Attending to the facts that i) the increase of MFC values was similar with all antifungal drugs, including the recently available posaconazole; ii) FUN1 could not stain a considerable percentage of the yeast cells in presence of propofol infusion and iii) a lesser amount of [3H]-labelled itraconazole was present within such cells, even after the addition of sodium azide, we are forced to conclude that the promotion of antifungal resistance in presence of propofol lipidic infusion results from a reduced access and/or permeabilization of antifungal agents into the fungal cells. The same results were obtained when only the propofol vehicle was used, thus we had concluded that the major responsible for such effect was the lipidic nature of propofol infusion. The formation of a lipidic layer surrounding the cells supports such assumption, being responsible for the reduced permeabilization. Several studies reported that the lipidic membrane of fungal cells plays an important role in susceptibility to azoles [17, 18]. Fluctuations in the lipidic environment affects, not only drug diffusion but also efflux pumps, coded specially by Cdr1 and Pdr5p, leading to multidrug azole resistance [19, 20]. In our study, as the efflux pumps were blocked with sodium azide, the increased MFC values probably resulted from poor diffusion of the antifungal drugs caused by the lipidic vehicle layer or drops deposited around the cells. The hypothesis that propofol could be binding the antifungal agent in culture medium reducing the free number of molecules available for penetrating the cells was also raised. MFC results were more evident when propofol was associated with itraconazole or posaconazole (increase of 4 to 5 dilutions), both lipophilic drugs. However, we must consider that different concentrations of propofol resulted in similar effects. The hypothesis that the lipidic vehicle of propofol might be playing a role in sterol homeostasis and changing the azole target, should be considered attending to other research [21]. Lipid uptake by the fungal cell was described in the presence of the azoles following longer incubation time (overnight) [21]. Measuring sterols in azole-treated fungi in the presence or not of the lipidic vehicle of propofol could be interesting however, the incubation time with propofol on cytometric and radioactivity studies was very short to allow the incorporation of the lipid in membrane.

Conclusion

The assays described in this manuscript provided an opportunity to describe the effect of propofol infusion in antifungal drug resistance.
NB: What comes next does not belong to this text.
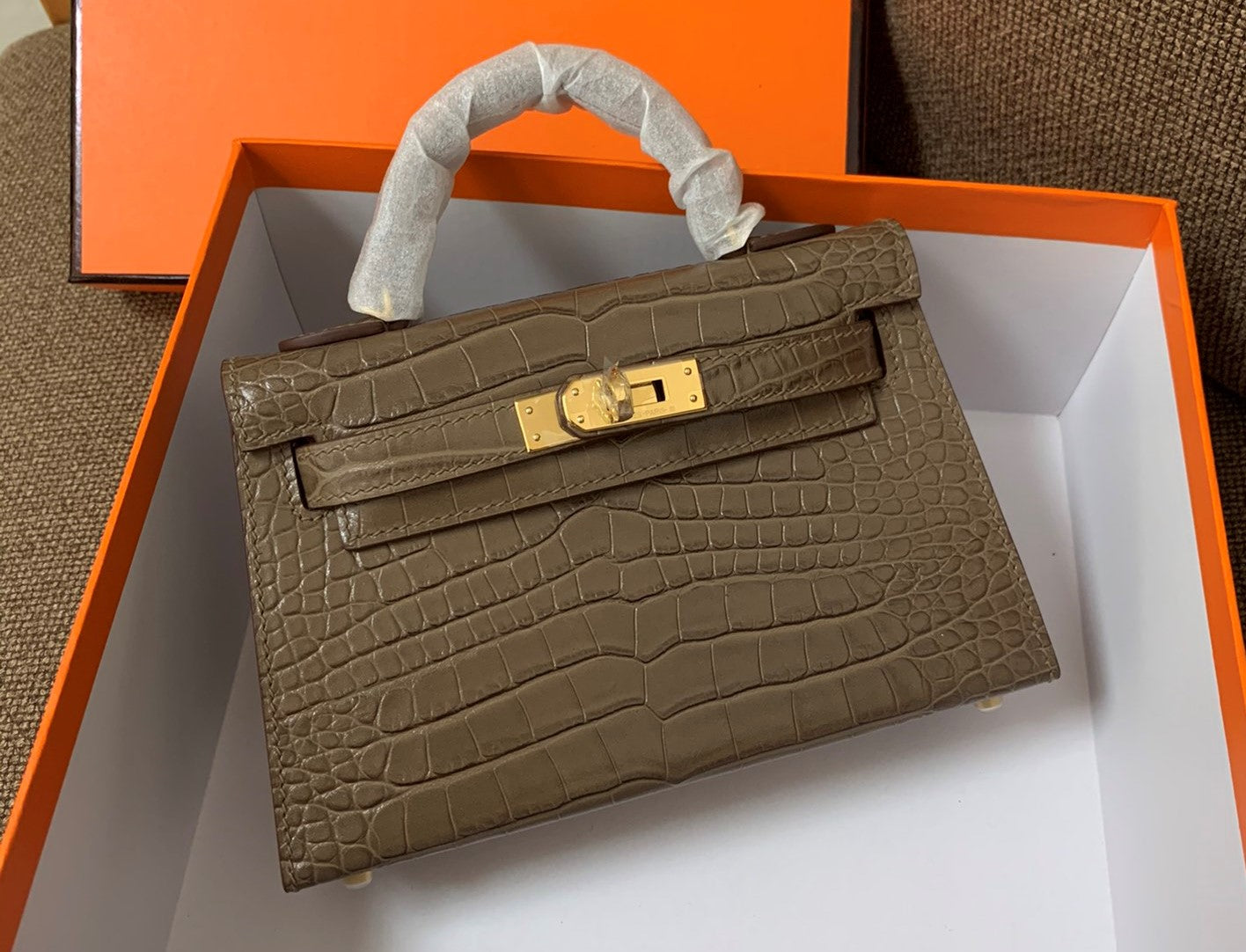 whosale handmade calf skin with crocodile grain design mini handbag19cm,wax thread,have gold and silver hardware,contact me for details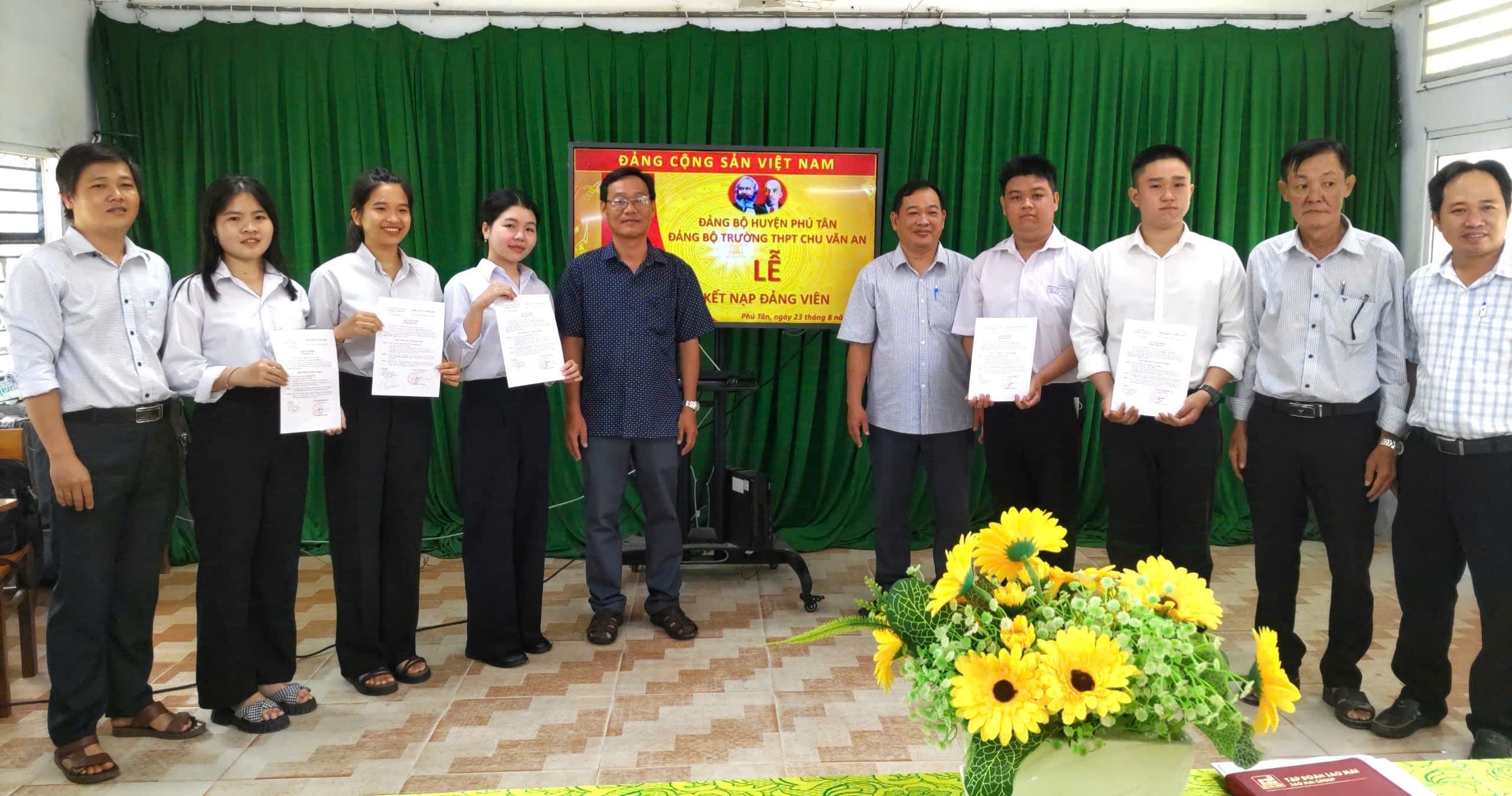 Trường THPT Chu Văn An kết nạp Đảng cho 5 học sinh lớp 12 đậu đại học nguyện vọng 1 năm 2024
We concluded that propofol infusion, due to its lipidic vehicle reduced the access and/or permeabilization to Candida and Aspergillus cells to main antifungals administered to patients.

The described effect should raise the alert to a promoted risk of fungal infections in patients receiving propofol infusions, resulting from the fact that fungal strains become increasingly resistant to antifungals.

Methods

Strains

Twenty clinical strains of Candida spp. (5 C. albicans, 5 C. tropicalis, 5 C. glabrata and 5 C. parapsilosis) and thirteen strains of Aspergillus spp.(5 A. fumigatus, 4 A. flavus and 4 A. niger) were studied. C. albicans 95–190, resistant to azoles by overexpression of efflux pumps genes (CDR1 and CDR2), was used during cytometric approach (strain kindly gift by Prof. Theodore White). Until testing, yeasts and moulds were kept frozen in Brain-Heart broth (Difco Laboratories, Detroit, MI, USA) with 5% glycerol. For each experiment, the strains were subcultured twice on Sabouraud agar (Difco) at 35°C, 48 hours for Candida and 7 days for Aspergillus.

Drugs and Chemicals

Propofol infusion Fresenius® (Kabi, France) at stock concentration of 1% was used. Propofol vehicle (soya bean oil, egg lecithin, glycerol, sodium hydroxide and sterile water) was also assayed. Fluconazole and voriconazole were obtained from Pfizer (Groton, CT, USA), amphotericin B from Bristol-Myers Squibb (New York, USA), itraconazole from Janssen-Cilag (Beerse, Belgium) and posaconazole from Shering-Plough (Kenilworth, NJ, USA). Antifungals drugs were maintained in stock solution at -70°C until use. [3H]-labelled itraconazole was supplied by Janssen-Cilag. Sodium azide was purchased from Sigma (Sigma-Aldrich, Germany).

Growth assays

After cultivation of Candida and Aspergillus strains in Sabouraud agar medium (Difco, Detroit, MI, USA), a 5 × 106.ml-1 blastoconidia or conidia suspension of Candida and Aspergillus was prepared in phosphate buffer saline (PBS) (Sigma) and 100 μl were added in two parallel serial dilutions of propofol infusion (stock solution at 1%) and its vehicle (both at 0, 1.25, 2.5 and 5 mg.ml-1 final concentrations) in RPMI 1640 culture medium (Sigma), PBS and plain propofol infusion in a final volume of 500 μl. RPMI is a hydrophilic medium, however, solubility problems were not found. For Candida strains, samples were collected after 3 hours incubation at 37°C, the cells were observed under phase contrast microscopy (Leitz Larborlux K) and the percentage of budding and germ tube formation (for C. albicans) were determined [22]. For Aspergillus, the percentage of conidial germination was determined after incubation for 6, 12 and 24 hours at 37°C [10].

Susceptibility testing

For Candida spp., the minimal inhibitory concentration (MIC) to fluconazole, voriconazole, posaconazole and amphotericin B (tested concentration range: 0.125–64 μg.ml-1, 0.03–16 μg.ml-1, 0.03–16 μg.ml-1 and 0.03–16 μg.ml-1, respectively) were determined accordingly the CLSI protocols M27-A2 (formerly NCCLS) [23]. Strains were classified as susceptible (S), susceptible-dose dependent (S-DD) and resistant (R) to fluconazole according to breakpoints defined by CLSI [23]. For voriconazole MICs ≤ 1 μg.ml-1 were considered S, MIC = 2 μg.ml-1 considered S-DD and MIC ≥ 4 μg.ml-1 considered R [24]. Although susceptibility breakpoints have not yet been established for amphotericin B and posaconazole, strains with MIC ≤ 1 μg.ml-1 were considered susceptible [25, 26]. Minimal fungicidal concentration (MFC) to all antifungals was also determined. The content of each well containing drug concentrations to and higher than the MIC, and also the positive growth control were transferred to Sabouraud dextrose agar plates and incubated at 35°C for 48 h, as previously described [27]. The MFC was the lowest drug concentration that killed ≥ 99% of the final inoculum.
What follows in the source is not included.